Availability

Availability concepts

High Availability - High availability provides redundancy and fault tolerance. The goal is to ensure the system is always available, even in the event of a failure. A system is highly available when it can withstand the failure of an individual or multiple components (e.g., hard disks, servers, network links).

Backup

Backup is critical to protect data and ensure business continuity. At the same time, backup can be a challenge to implement well. The pace at which data is generated is growing exponentially. The density and durability of local disk is not benefiting from the same growth rate. The enterprise backup has become its own industry.

Data is generated on an arbitrarily large number of endpoints—laptops, desktops, servers, virtual machines, and now mobile devices. This means the problem of backup is distributed in nature. Current backup software is very centralized—the general model is to collect data from many devices and store it in single place. Sometimes a copy of that stored data is also sent to tape. The centralized approach has the potential to overwhelm the backup target during recovery from a disaster and result in broken recovery SLAs.

Enterprise backup scenarios previously to look like this: If you wanted high performance data access, your backup had to live on disk. If you wanted cost-effective archival storage, your backup had to live on tape. If you wanted to archive off site, you had to physically deliver your archival tapes to another location. Recovery from local disk was fine, unless you needed something from a tape, and it might have been a while if that tape wasn’t on site. The cloud has changed things. Backup software can write to the cloud without any changes to the backup software itself.

Disaster Recovery

Disaster recovery (DR) is about preparing for and recovering from a disaster. A disaster is any event that has a negative impact on a company’s business continuity or finances—including hardware or software failure, network outage, power outage, physical damage to a building like fire or flooding, human error, or some other significant event.

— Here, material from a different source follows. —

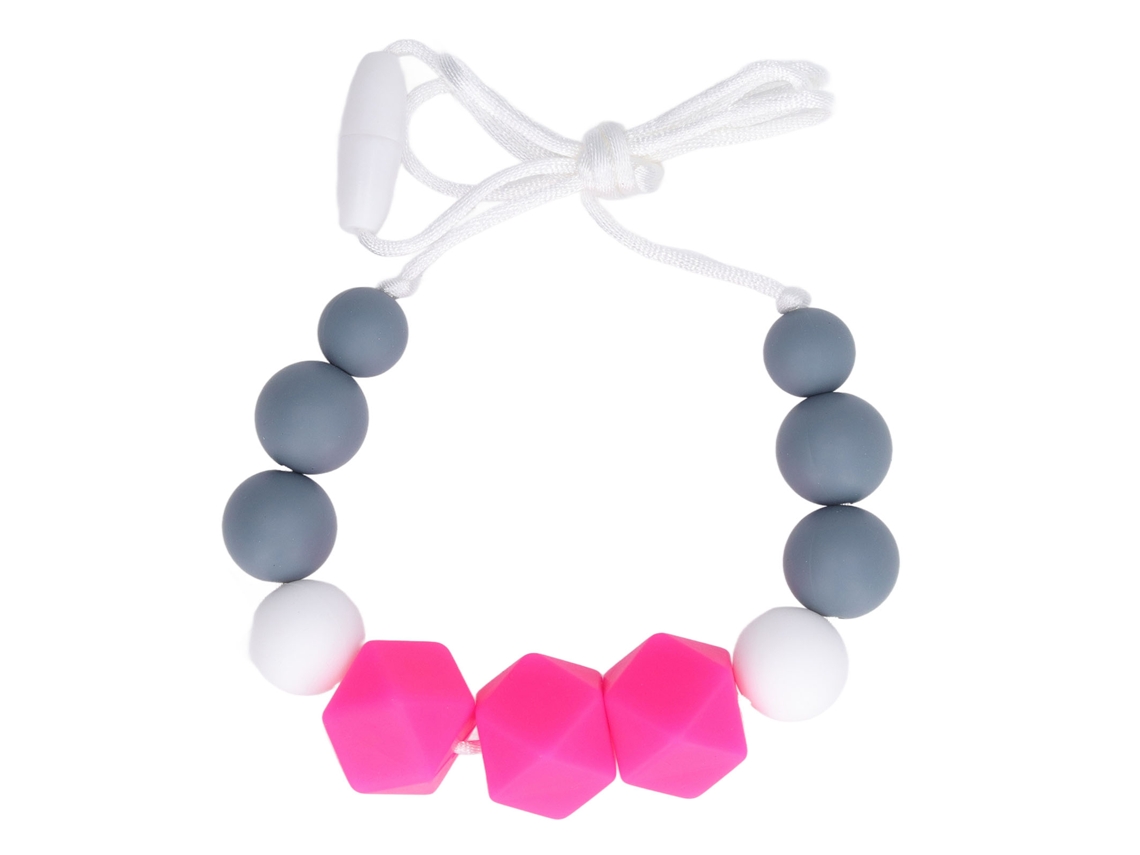 Collar De Protección Para Bebés, Silicona De Dureza Media, Cuentas Hexagonales Redondas, Rosa.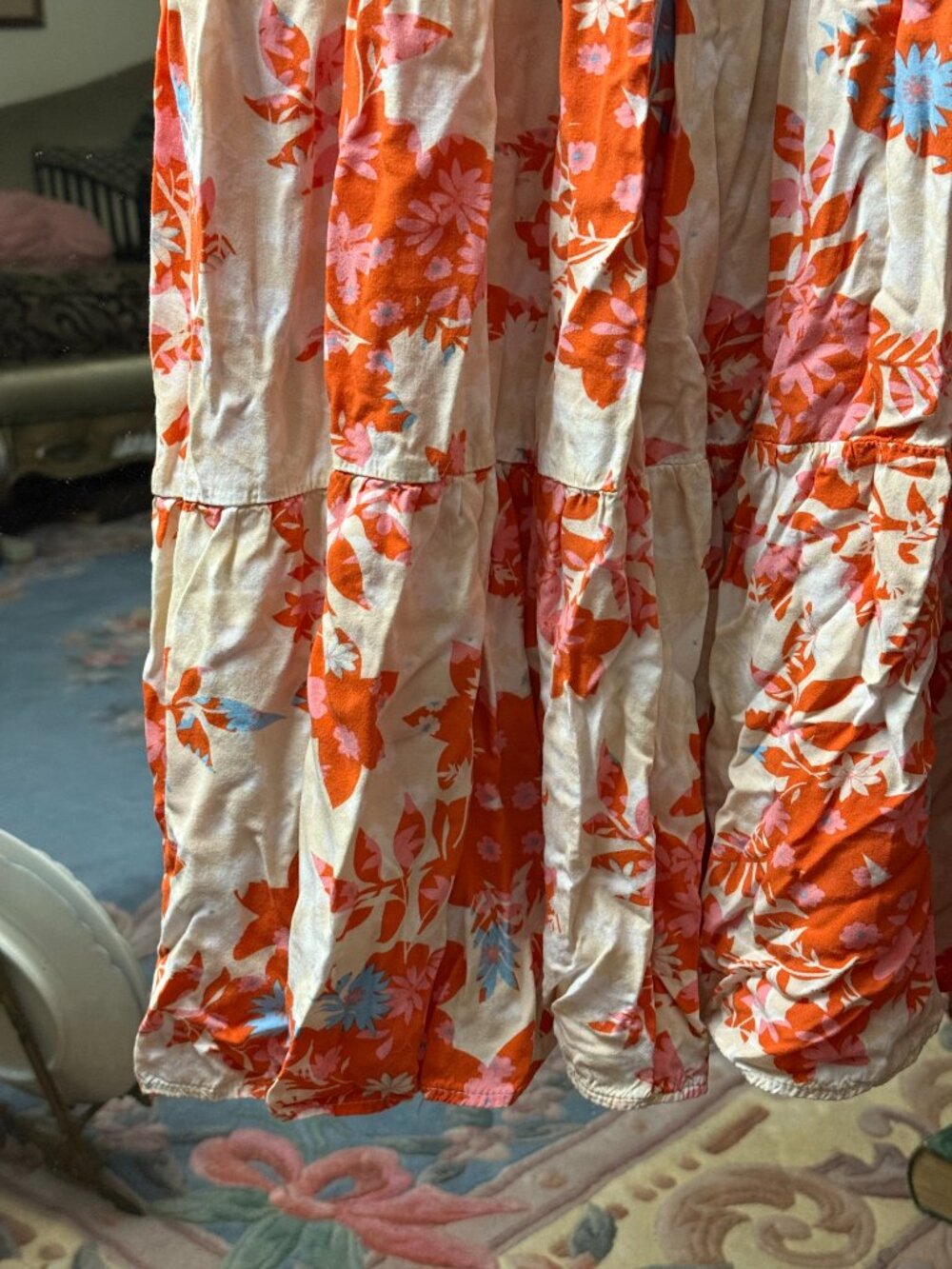 Cream and Orange Floral Smocked Midi Dress - Picture 3 of 5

To minimize the impact of a disaster, companies invest time and resources to plan and prepare, train employees, and document and update DR processes. The amount of investment for DR planning for a particular system can vary dramatically depending on the cost of a potential outage. Companies that have traditional physical environments typically must duplicate their infrastructure to ensure the availability of spare capacity in the event of a disaster. The infrastructure needs to be procured, installed, and maintained so that it is ready to support the anticipated capacity requirements. During normal operations, the infrastructure typically is under-utilized or over-provisioned.

AWS storage DR Options

Amazon S3

  • Objects redundantly stored on multiple devices across multiple facilities within a Region, designed to provide a durability of 99.999999999%

  • Data protection with versioning, MFA, bucket policies, and IAM

  • Cross-region replication enables automatic, asynchronous copying of objects across buckets in different AWS Regions

Amazon S3 Glacier

  • Designed for the same durability as Amazon S3

  • An inventory of all archives in each of your vaults is maintained for disaster recovery or occasional reconciliation purposes

Amazon EBS

  • Create point-in-time volume snapshots

  • Copy snapshots across Regions and accounts

  • Snapshots are stored in Amazon S3, taking advantage of Amazon S3’s durability and availability

  • Volumes are replicated across multiple servers in an Availability Zone

AWS Snowball

Using Snowball helps eliminate challenges that can be encountered with large-scale data transfers, such as:

  • High network costs

  • Long transfer times

  • Security concerns

  • Snowball devices can help retrieve data (>10TB) much more quickly than high-speed internet.

Amazon EFS

Amazon EFS File Sync can be used to sync files from on-premises or in-cloud file systems to Amazon EFS at speeds of up to 5x faster than standard Linux copy tools.

AWS Networking DR Options

Amazon Route 53

  • Distribute traffic / load across multiple regions based on a variety of options

  • Automatic failover to another region in event of a failure.

Elastic Load Balancing

  • Load balancing across multiple EC2 instances in different AZ

  • Health checks and automatic failover if an instance fails.

Amazon VPC

  • Extend your existing network topo to the cloud. i.e: recover enterprise applications that are running on the on-premise network.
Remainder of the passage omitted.